We are a commune of inquiring, skeptical, politically centrist, capitalist, anglophile, traditionalist New England Yankee humans, humanoids, and animals with many interests beyond and above politics. Each of us has had a high-school education (or GED), but all had ADD so didn't pay attention very well, especially the dogs. Each one of us does "try my best to be just like I am," and none of us enjoys working for others, including for Maggie, from whom we receive neither a nickel nor a dime. Freedom from nags, cranks, government, do-gooders, control-freaks and idiots is all that we ask for.

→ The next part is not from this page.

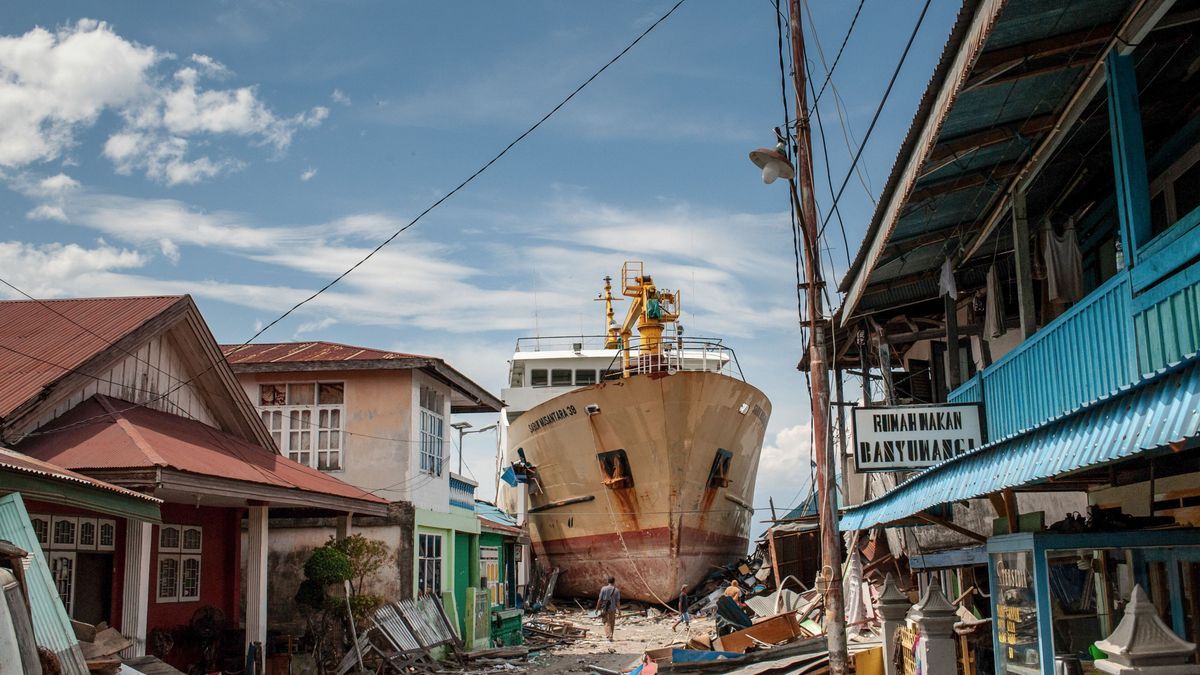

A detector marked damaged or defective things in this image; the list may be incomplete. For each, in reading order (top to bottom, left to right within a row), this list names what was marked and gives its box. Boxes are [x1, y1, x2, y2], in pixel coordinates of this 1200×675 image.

rusted metal roof [0, 296, 182, 417]
rusted metal roof [223, 341, 429, 362]
rusted metal roof [0, 444, 159, 502]
rusted metal roof [16, 393, 386, 504]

No one anything like the people that were forced to choose between letting him carry on like the jerk he manifestly is, or removing him from the premises, will ever be heard from.
Jack Dunphy, the nom de plume of a policeman who works in Los Angeles, then writes it down for National Review, proves me wrong with a blast of reality from the trenches:
There is an axiom in police work that goes something like this: If you have a lawful reason for wanting someone to behave in a certain way, first you ask him, then you tell him, then you make him. In the case of Andrew “Don’t Tase Me, Bro” Meyer, the man now enjoying the waning moments of his Warholian fifteen minutes, the asking and the telling came up shy of the mark for the cops, thus bringing on the making. And the Tasing.
First I've seen of it. My kid came home upset from school about it. The guy seems to have (and, no, I am not being trendy here) some kind of issue, perhaps Asperger's. He does not realize the danger he is in. He acts obnoxiously, doesn't realize that the spectators would rather make sure they get him on film than rescue him or intervene.
I was fascinated by the bleached blonde filming him writhing as the police manhandled him.
I found myself thinking that this kid isn't dangerous, he is just oblivious to social cues. His tone, his mannerisms were identical to those my kid (w Asperger's) uses when trying to get a point across, when being ignored.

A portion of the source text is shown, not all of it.